**Activity**
An exact copy, beginning at the line containing "Artificial feathers, assorted" and ending at the final line of the records that follow, is the answer; it has no pictures and no other text.

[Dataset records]
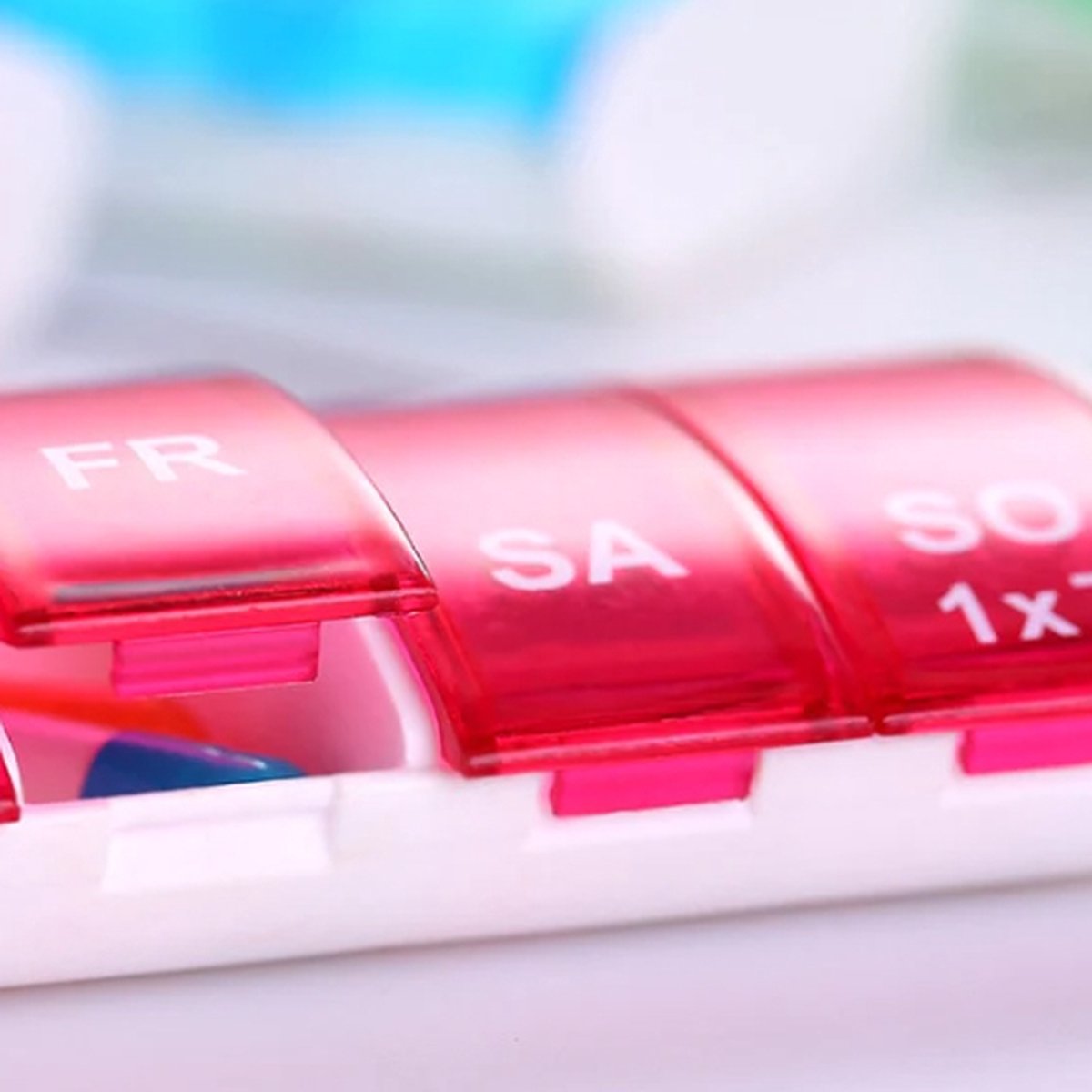 Pill box | Pill case | Medicine box | Pill Box | 7 days | 1 week | Green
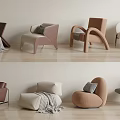 Modern single sofa 3d model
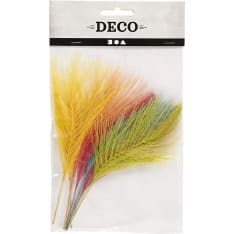 Artificial feathers, assorted colours, L: 15 cm, W: 8 cm, 10 pc/ 1 pack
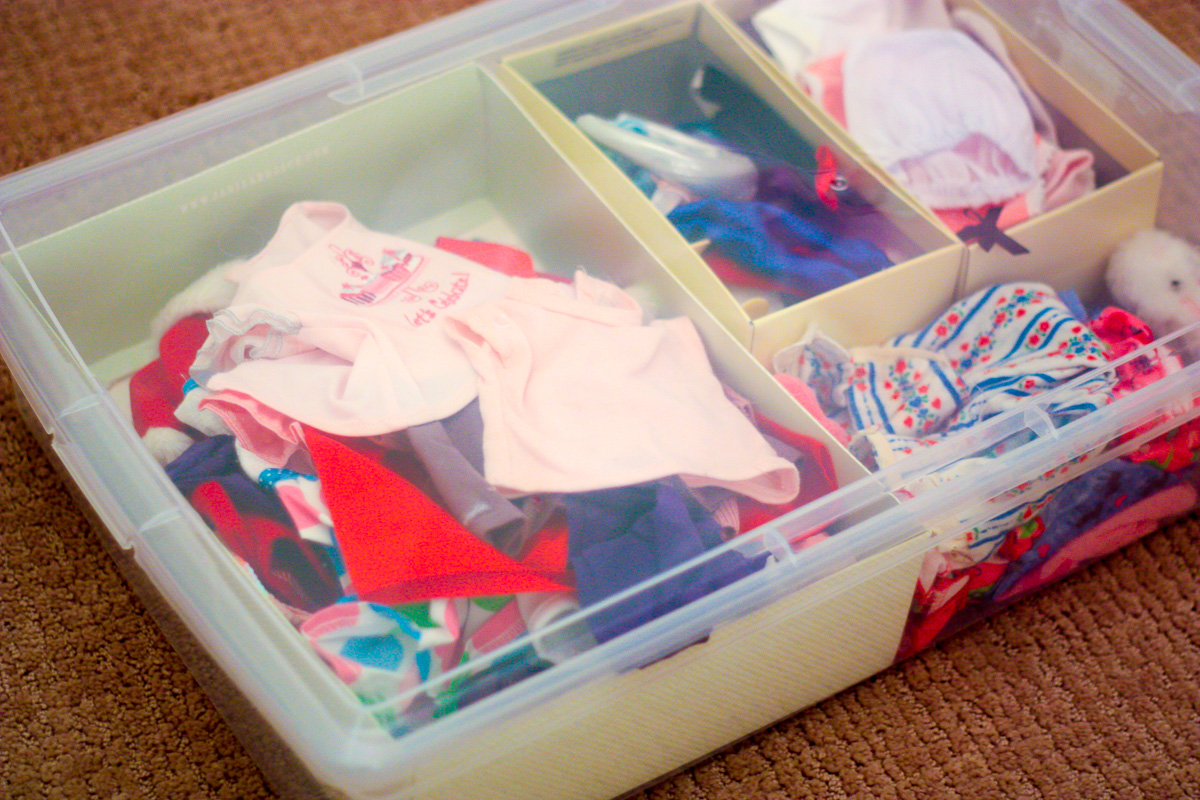American Girl Doll Clothes Organization Solution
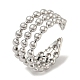 304 Stainless Steel Open Cuff Ring RJEW-C067-24P-1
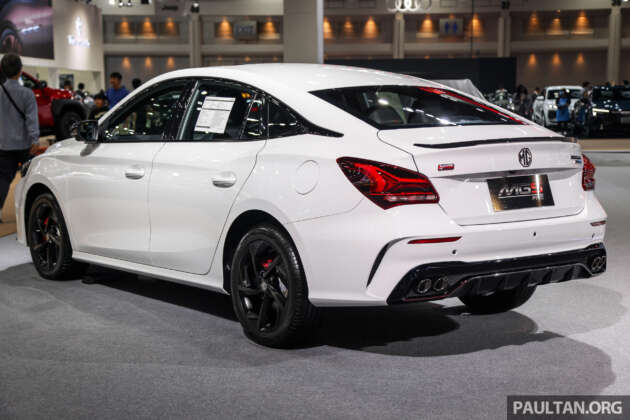 Bangkok 2025: MG5 Pro dipamerkan – rupa lebih garang, masih enjin 1.5L NA 114 PS/250 Nm, CVT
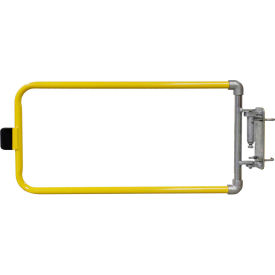 Universal Self-Closing Safety Gate, 15" - 44" Length, Safety Yellow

**Answer box**
 Artificial feathers, assorted colours, L: 15 cm, W: 8 cm, 10 pc/ 1 pack
American Girl Doll Clothes Organization Solution
 304 Stainless Steel Open Cuff Ring RJEW-C067-24P-1
 Bangkok 2025: MG5 Pro dipamerkan – rupa lebih garang, masih enjin 1.5L NA 114 PS/250 Nm, CVT
 Universal Self-Closing Safety Gate, 15" - 44" Length, Safety Yellow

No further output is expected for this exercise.